As in scenario A, the initial attack will be nearly universally
successful.

Also as in scenario A, 65000 may respond by defensively announcing P/k.
However, 65000 does not need to artificially increase the AS_PATH length
in order to make the announcement ROV Valid.

As a result, the steady state becomes:
- 65010, 65020 and 65021 forward towards 65000 (due to the shorter
  AS_PATH)
- 65011 may prefer either one (depending on its relationships with the
  other networks)

Conclusions
===========

The initial impact of the attack is minimised through the creation of
a "minimal" ROA.
However, depending on the (ROV policy) behaviour of the ASes in between
the victim and the attacker, the "minimal" ROA may impede the ability of
the victim to defensively de-aggregate. In such a scenario, and in the
face of a persistent attack, the long-run impact in the presence of a
"minimal" ROA may be worse than the long-run impact in the presence of a
"non-minimal" ROA.

Both cases are still better (or at least no worse) than the impact if no
ROA exists at all.

Generalising
============

Where there is partial deployment of ROV (with discard-Invalid) it is
possible that a sub-prefix hijack may originate within a neighborhood N of
the AS-connectivity topology, such that
- no member of N has policy to discard ROV Invalids; and
- there exists no possible BGP update propagation path from the victim
  AS to N without traversing an intermediate AS that does discard ROV
  Invalids.

In such a case, a minimal ROA may make it impossible for the victim to
defensively originate a more-specific prefix to "compete" with the
hijack announcement for bestpath selection within N.

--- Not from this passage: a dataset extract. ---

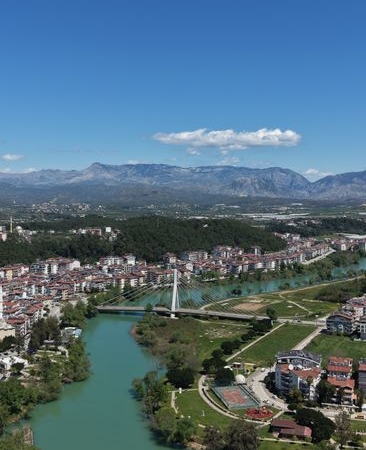 Tuğba Özay'dan Manavgat'ta Çöp Cezası Çağrısı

However, a "minimal" ROA is still the best way for the victim to
minimise the immediate impact (i.e. before any defensive measures can be
taken) of the attack, and to guarantee that the impact of the attack is
limited to traffic originating in N.

It is not possible to provide general recommendations in this case:
- The existence of such neighborhoods can only be determined with
  reference to the topological location of a potential victim, and with
  detailed information of the routing policies of the networks in their
  vicinity;
- For any such neighborhood that does exist, the victim must weigh up
  the relative importance of:
  - Minimising the initial impact of the attack Internet-wide
  - Guaranteeing that an attack will not succeed in attracting traffic
    outside N (including in the attackers immediate vicinity)
  Versus:
  - Losing the ability to mitigate the attack within N.
In practise this will likely come down to the traffic that the would-be
victim expects to receive from any such N, that could be put at risk.